Each recovery mechanism operates independently, unaware of the others—systems designed to improve resilience amplify failures exponentially instead.
The math reveals the coordination problem. Each layer adds its own retry logic:
| Layer | Retries Per Attempt | Total Attempts | Cumulative Total |
|---|---|---|---|
| Frontend | 3 retries | 4 attempts | 4 |
| API Gateway | 3 retries | × 4 | 16 |
| Backend Service | 3 retries | × 4 | 64 |
Three retries at the frontend layer means four total attempts. The API gateway adds its own three retries—turning those four attempts into sixteen. The backend service implements another retry layer—sixteen becomes sixty-four.
During the October 2025 AWS outage, this pattern manifested across millions of clients simultaneously. A DNS misconfiguration triggered retry logic at multiple layers. AWS SDKs defaulted to 3 retries with exponential backoff but no jitter—every client retried at roughly the same intervals, creating synchronized waves that saturated resolver infrastructure. Services like Lambda and API Gateway lacked circuit breakers, adding their own retry loops. A localized DNS failure amplified into a 15-hour outage affecting 110 services.
Reading the Signals
Operating web agents at scale teaches you to recognize retry amplification through specific patterns:
- Packet loss appears first at edge nodes—not gradual degradation but sudden spikes
- DNS resolution failures cascade across services
- Error rates explode exponentially across independent services that shouldn't be related
- Synchronized timing as every client's retry logic triggers at similar intervals
That combination distinguishes retry amplification from capacity exhaustion or isolated failures. Capacity problems show gradual degradation as resources deplete. Isolated failures affect specific components. Retry storms show exponential growth with synchronized timing.

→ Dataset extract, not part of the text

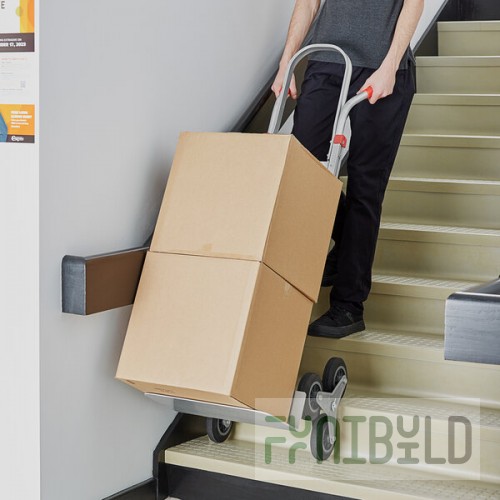 Lavex 440 lb. Aluminum Stair Climber Hand Truck with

We've learned to watch for another signal: when error rates spike but individual service metrics look normal. Each layer only sees its own retry attempts—three retries looks reasonable in isolation. The multiplication happens across layers, visible only when you're monitoring the entire stack simultaneously across thousands of sessions.
The Counterintuitive Decision
The operational complexity emerges when the solution requires disabling the systems designed to provide resilience.

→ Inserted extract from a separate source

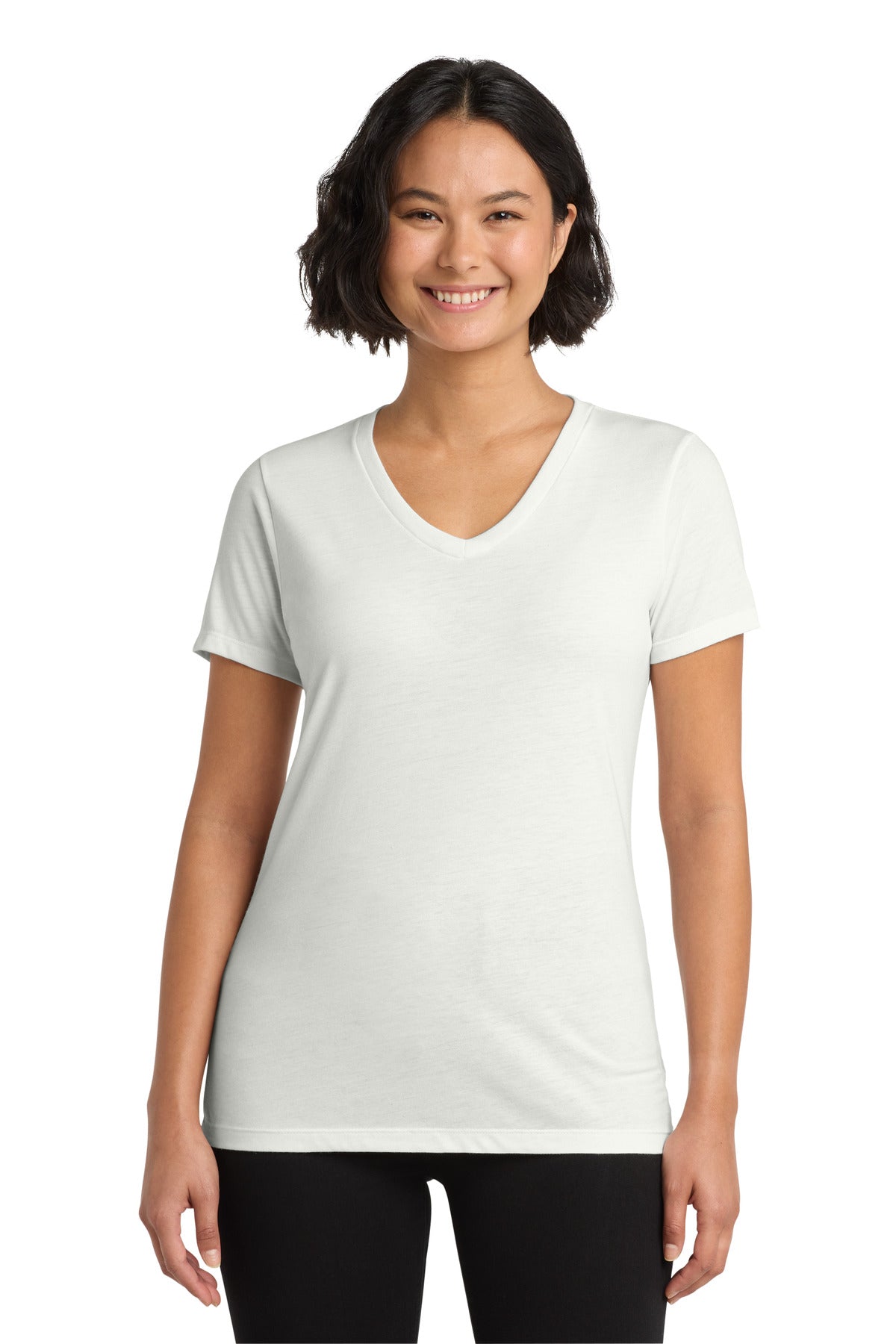 Camiseta de cuello en V Tri-Blend para mujer Allmade (AL2018)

During the AWS outage, engineers throttled EC2 instance launches to reduce systemic strain. This meant temporarily disabling automated scaling—betting that automated recovery was amplifying the failure rather than containing it. The decision required reading monitoring patterns and reasoning backward: if retry amplification is saturating infrastructure, adding more capacity through automated scaling just adds more retry attempts.
You're making a counterintuitive decision—disabling automated recovery during a failure—based on pattern recognition developed through production experience. Get it wrong, and you've disabled the systems that could help recovery. Get it right, and you've stopped the amplification that's preventing recovery. This kind of judgment emerges from encountering these patterns repeatedly, learning to read the signals that distinguish retry amplification from other failure modes.

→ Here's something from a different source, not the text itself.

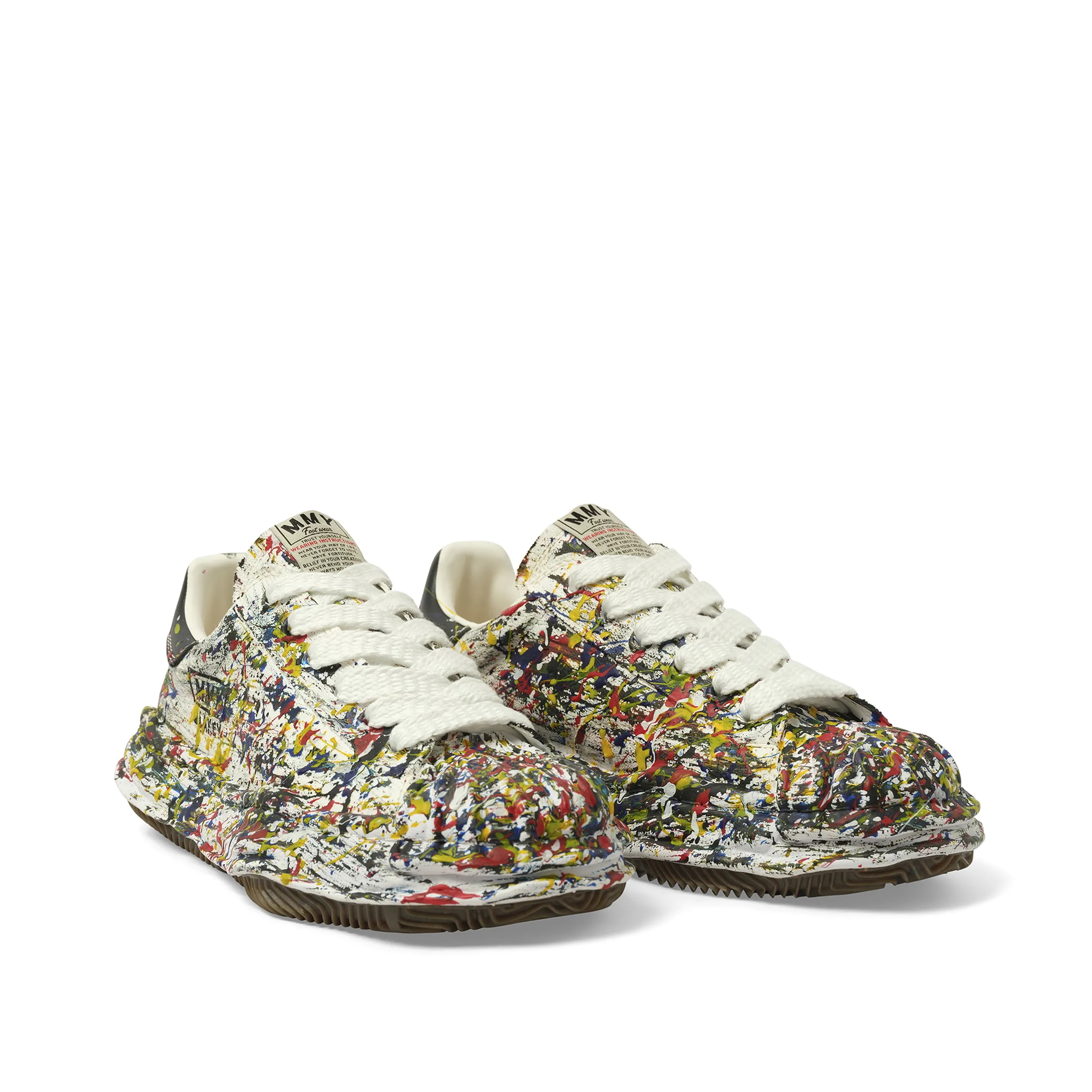 Blakey OG Paint Splatter Sneaker in White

When we're operating thousands of concurrent browser sessions hitting authentication endpoints, we encounter these coordination problems constantly. Multiple agents retry simultaneously. Session management adds its own retry layer. Rate limiting triggers more retries. Each recovery mechanism assumes single-session behavior. A single browser works fine—thousands of browsers acting simultaneously create coordination problems that only become visible when you're running web agents at this scale.
Things to follow up on...
-
Recovery takes four phases: Even after AWS fixed the DNS misconfiguration during the October 2025 outage, application-level recovery required additional hours as systems cleared backlogs, reset circuit breakers, and exhausted retry logic.
-
Circuit breakers need tuning: If not monitored frequently, circuit breakers can reduce throughput and cause prolonged downtime even after downstream services recover, creating their own coordination problems.
-
AI identifies cascade patterns: Recent SRE implementations show that machine learning can correlate related incidents based on service topology and transaction spikes, but tuning requires month-long pilot phases where engineers label false positives.
-
Race conditions at scale: The AWS outage root cause was a race condition between two DNS Enactor processes where timing caused an outdated plan to be applied and immediately deleted, removing all IP addresses for the DynamoDB endpoint.